School of Computer Science, University of Manchester, UK.
J Biomed Inform. 2009 Oct;42(5):887-94. doi: 10.1016/j.jbi.2009.04.001. Epub 2009 Apr 11.
Transcription factors (TFs) play a crucial role in gene regulation, and providing structured and curated information about them is important for genome biology. Manual curation of TF related data is time-consuming and always lags behind the actual knowledge available in the biomedical literature. Here we present a machine-learning text mining approach for identification and tagging of protein mentions that play a TF role in a given context to support the curation process. More precisely, the method explicitly identifies those protein mentions in text that refer to their potential TF functions. The prediction features are engineered from the results of shallow parsing and domain-specific processing (recognition of relevant appearing in phrases) and a phrase-based Conditional Random Fields (CRF) model is used to capture the content and context information of candidate entities. The proposed approach for the identification of TF mentions has been tested on a set of evidence sentences from the TRANSFAC and FlyTF databases. It achieved an F-measure of around 51.5% with a precision of 62.5% using 5-fold cross-validation evaluation. The experimental results suggest that the phrase-based CRF model benefits from the flexibility to use correlated domain-specific features that describe the dependencies between TFs and other entities. To the best of our knowledge, this work is one of the first attempts to apply text-mining techniques to the task of assigning semantic roles to protein mentions.
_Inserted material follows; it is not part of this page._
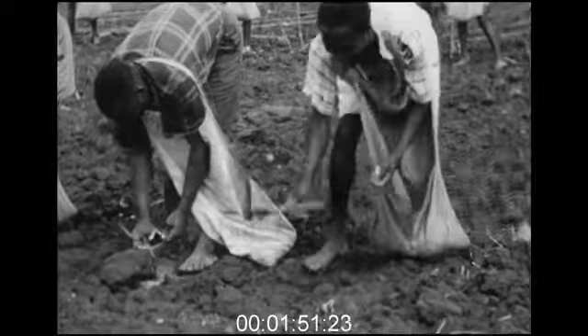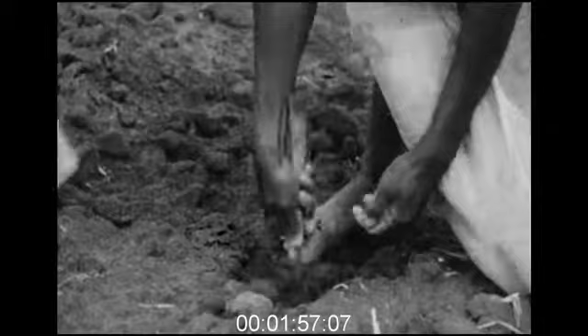The African farmer usually sows his cotton by hand. As a rule, five seeds are planted together — at least one will germinate and grow. As the young shoots appear, they are thinned out, and from each group of five seeds, only the healthiest plant is left to develop.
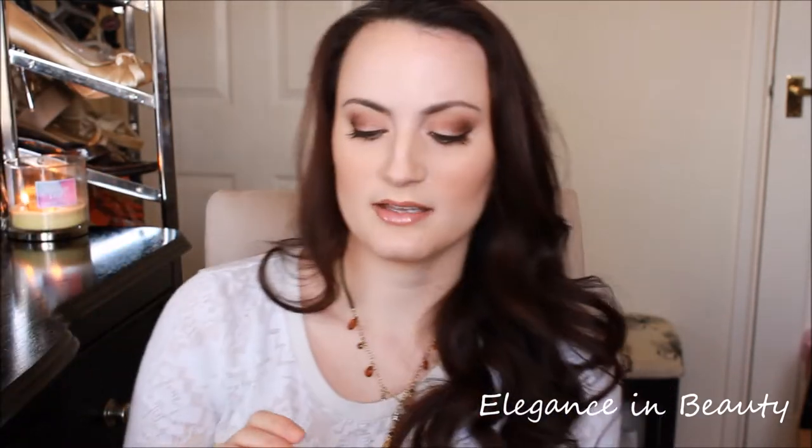Something else I got is the Bare Minerals Stroke of Light eye brightener. I have it in another color, but this is Luminous 2, which is more yellow-toned whereas my other one is very pink or salmon-y. I've realized I have quite a yellow undertone, so I've been trying to play that up. It's great under the eyes as a highlight and brightener to help get rid of dark circles. It blends out nicely, doesn't crease on me, and I just feel like it goes better with my skin tone. I have both so I can mix and match.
转录因子 (TFs) 在基因调控中起着至关重要的作用,提供关于它们的结构化和精心整理的信息对于基因组生物学非常重要。手动整理 TF 相关数据既耗时又总是落后于生物医学文献中实际可用的知识。在这里,我们提出了一种机器学习文本挖掘方法,用于识别和标记在给定上下文中起 TF 作用的蛋白质提及,以支持整理过程。更确切地说,该方法明确识别文本中那些提及其潜在 TF 功能的蛋白质。预测特征是从浅层解析和特定于领域的处理(识别相关短语中的出现)的结果中设计的,并且使用基于短语的条件随机场 (CRF) 模型来捕获候选实体的内容和上下文信息。我们提出的 TF 提及识别方法已经在 TRANSFAC 和 FlyTF 数据库中的一组证据句子上进行了测试。使用 5 折交叉验证评估,它的 F1 分数约为 51.5%,精度为 62.5%。实验结果表明,基于短语的 CRF 模型受益于使用相关特定领域的功能的灵活性,这些功能描述了 TF 和其他实体之间的依赖关系。据我们所知,这项工作是首次尝试将文本挖掘技术应用于为蛋白质提及分配语义角色的任务。